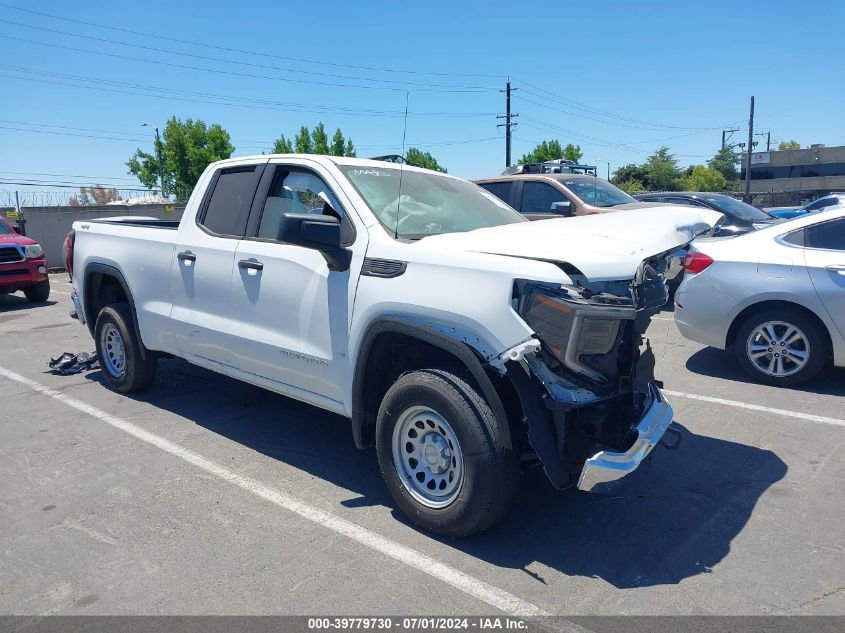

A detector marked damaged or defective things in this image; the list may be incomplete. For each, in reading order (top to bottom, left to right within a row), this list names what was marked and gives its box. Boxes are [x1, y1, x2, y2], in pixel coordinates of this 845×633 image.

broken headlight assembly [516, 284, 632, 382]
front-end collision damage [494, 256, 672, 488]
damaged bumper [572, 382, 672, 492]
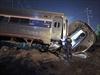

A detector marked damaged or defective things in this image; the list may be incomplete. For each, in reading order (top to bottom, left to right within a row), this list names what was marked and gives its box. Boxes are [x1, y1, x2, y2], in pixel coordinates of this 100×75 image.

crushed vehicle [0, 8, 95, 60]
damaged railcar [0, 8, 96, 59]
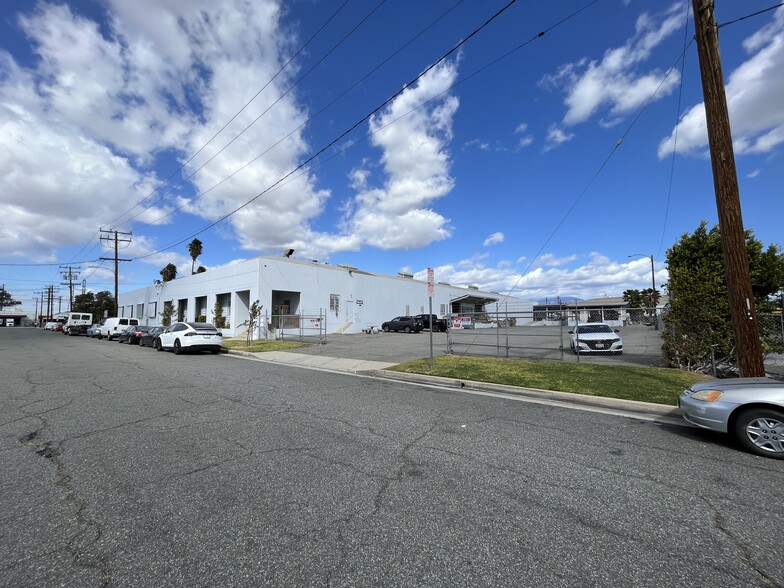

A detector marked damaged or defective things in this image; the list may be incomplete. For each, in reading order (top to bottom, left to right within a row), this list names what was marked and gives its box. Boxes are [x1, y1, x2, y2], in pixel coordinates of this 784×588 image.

· · · · · · ·

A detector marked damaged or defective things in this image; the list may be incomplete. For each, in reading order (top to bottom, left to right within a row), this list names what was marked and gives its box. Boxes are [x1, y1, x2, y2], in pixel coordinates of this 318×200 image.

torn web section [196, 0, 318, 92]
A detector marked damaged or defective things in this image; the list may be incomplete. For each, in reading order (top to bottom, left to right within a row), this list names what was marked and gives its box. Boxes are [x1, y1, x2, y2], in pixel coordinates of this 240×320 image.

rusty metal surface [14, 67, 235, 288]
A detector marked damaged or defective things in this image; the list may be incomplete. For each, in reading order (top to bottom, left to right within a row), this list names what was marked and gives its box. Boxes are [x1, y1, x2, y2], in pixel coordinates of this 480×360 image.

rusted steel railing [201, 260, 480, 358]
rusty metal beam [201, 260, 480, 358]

· · · · · · ·

• _WORK REQUIRED_
Out of the records above, set down only the lines from the one that contains "this 100×75 image." through the one that contains "this 784×588 image.", unchanged and without the pictures.

• _TASK RESULT_
A detector marked damaged or defective things in this image; the list may be incomplete. For each, in reading order (top to bottom, left to right within a row), this list names what was marked and gives its box. Boxes are [x1, y1, x2, y2], in pixel coordinates of this 100×75 image.

crushed vehicle [0, 8, 95, 60]
damaged railcar [0, 8, 96, 59]

A detector marked damaged or defective things in this image; the list may be incomplete. For each, in reading order (top to bottom, left to right within a row), this list names what was marked and gives its box. Boxes are [x1, y1, x2, y2], in pixel coordinates of this 784×588 image.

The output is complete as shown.